Friday, 17 June 2022

je t’aime, je t’aime (w&d resnais, w. jacques sternberg)

Je t’Aime, Je t’Aime is a remarkable and brilliantly conceived movie. A man is put into a time capsule in an experiment to travel back in time. He is on a beach on the South of France. Then he jumps into another scene from his past life. The experiment isn’t working as it should. The scientists are puzzled. The man’s life is relived as fragments, cut up, 30 second clips. He was in love with a woman who wasn’t happy. They went to Glasgow. He might have killed her. He wants to kill himself. He tells a friend about it. She doesn’t believe him. She does believe him. The film assembles fragment after fragment, piecing them together in a way that makes no linear sense, but gradually the viewer, and the man, the subject of the experiment, begin to discern a pattern, a shape. He’s back on the beach. He’s in a restaurant. We have to play catch up. Time is eddying and flying, forwards and backwards. All the time it is also shaped by the passing of real time, which is the time of the movie and the time of the experiment. Eventually the scientists give up. They can’t get him to come back. He’s on a beach. He’s chatting to his lover. He’s waiting for a tram. He’s gone.

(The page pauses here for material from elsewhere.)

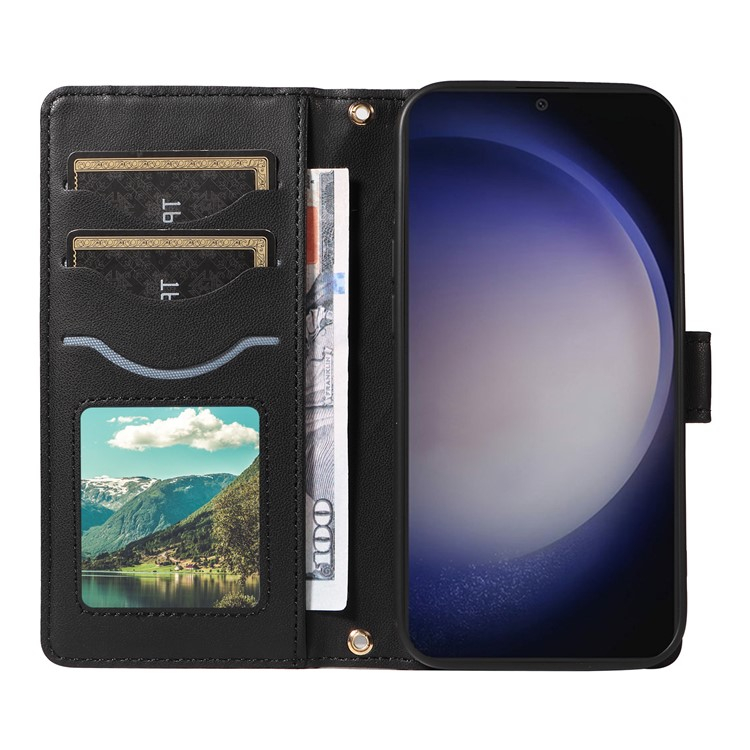 Samsung Galaxy S25  Plus / S24  Plus Leder Tasche Flip Cover Steppmuster inkl. Schultergurt - Schwarz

The film is Borgesian in the extreme and there are echoes of elements of Performance, another film from the time which references Borges, in the cut-up nature of reality they both depict. It is a masterpiece of editing and narrative construction. The closest popular cinema has come to Resnais’ film is Eternal Sunshine of a Spotless Mind, which may or may not have been influenced by Je t’Aime, Je t’Aime. It is a film which takes us to the heart of the beast, as it explores and challenges the way in which time functions, reminding us that time and its passing are the cornerstone of the cinematic experience.